» **Work to be completed**:
With the pictures left out, copy the records below exactly from the first line down to the line holding "Once you adjust", and include that line.

» **Extracted information**:
......
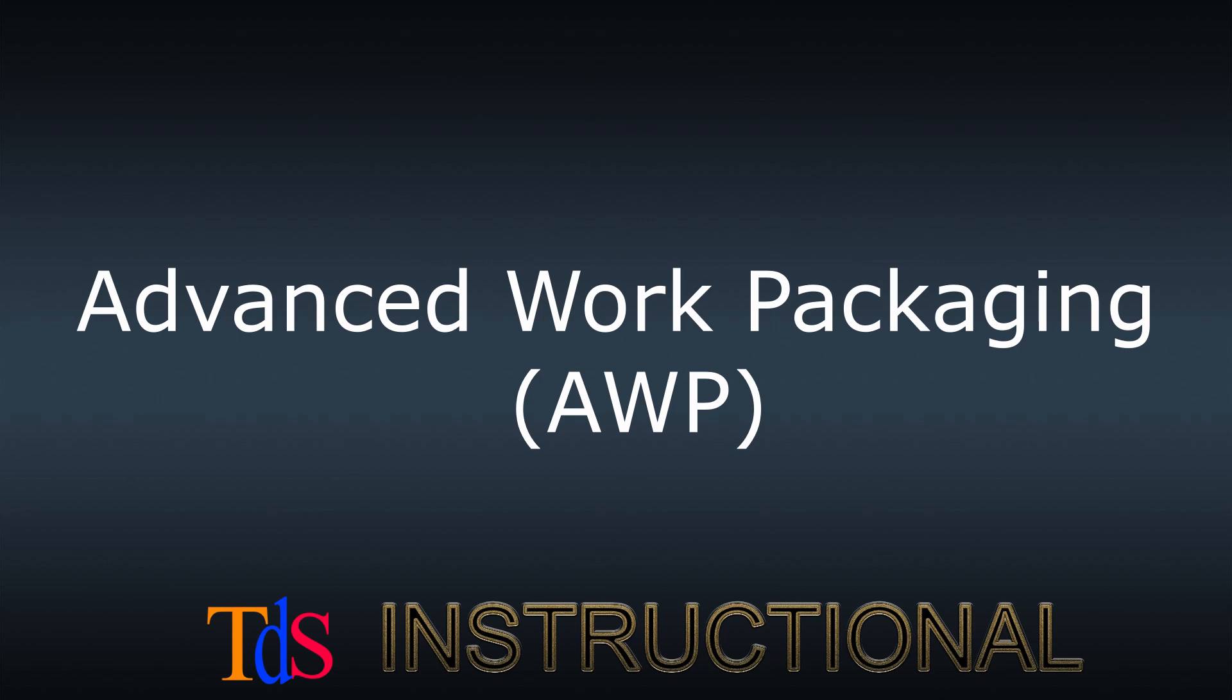Today, clients are demanding the use of AWP instead of standard work packaging. After this series of tutorials, we hope to share our experience in AWP in a real project. Let's get started.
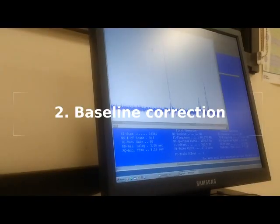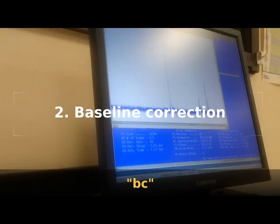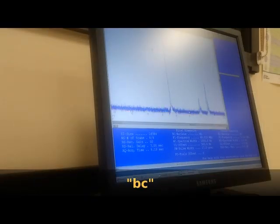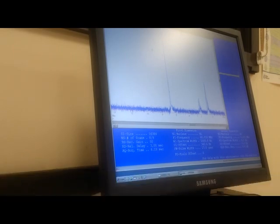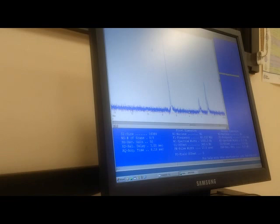Once you adjust the phasing, you will want to type BC. And that's all we have to do. That does the baseline correction so that everything is flat at the bottom. This will help with your integration. Without baseline correction, your integration curves will look really awful.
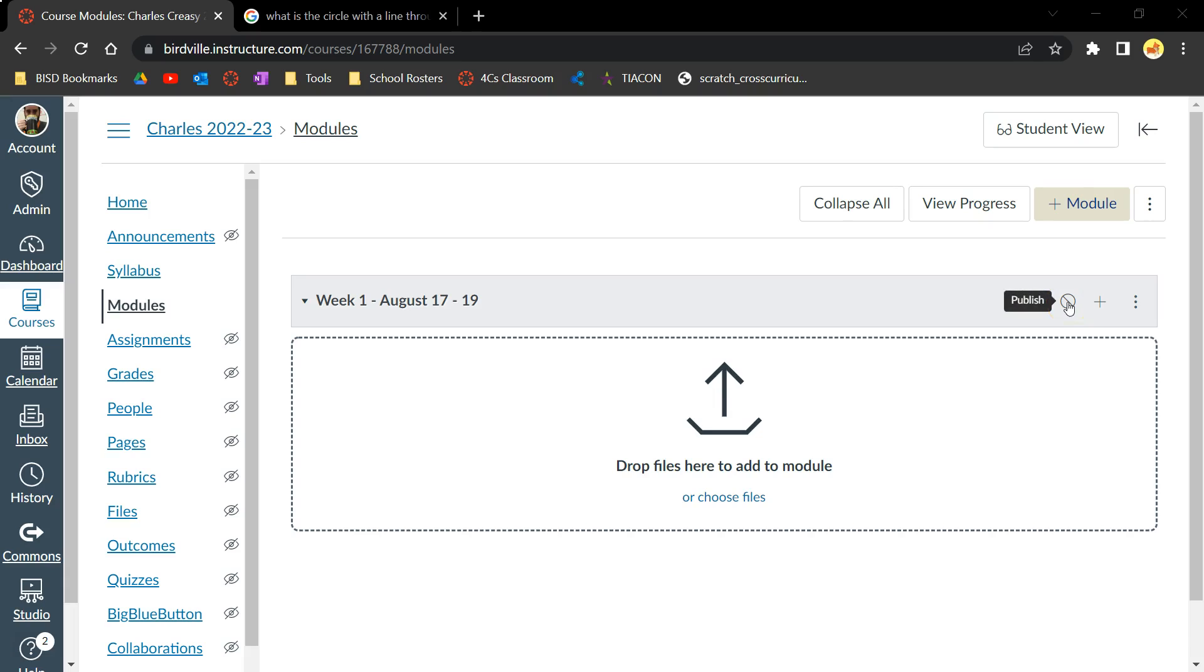Currently, it appears as a circle with a line through it. This tells us that the module is currently unpublished. To publish the module, simply click it once and it will turn into a green check mark. The module is now published and available for students to view.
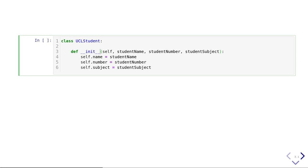On line three, I'm defining the init function, which is called every time somebody creates a new UCL student. It has four arguments — the last three have to be supplied by the person creating a new student: the name, the number, and the subject. Inside the init function, 'self.name = student_name' creates a new instance variable for this new student. Similarly, 'self.number' and 'self.subject' create instance variables for number and subject. Here, self refers to the new UCL student being created.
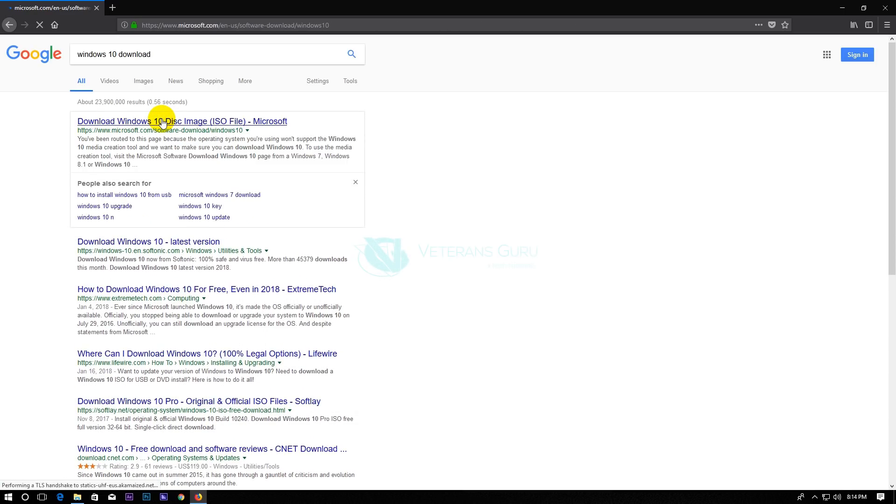Choose the result that is from the Microsoft website. Wait for it to finish loading.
......
» **Expected answer**:
Today, clients are demanding the use of AWP instead of standard work packaging. After this series of tutorials, we hope to share our experience in AWP in a real project. Let's get started.
Once you adjust the phasing, you will want to type BC. And that's all we have to do. That does the baseline correction so that everything is flat at the bottom. This will help with your integration. Without baseline correction, your integration curves will look really awful.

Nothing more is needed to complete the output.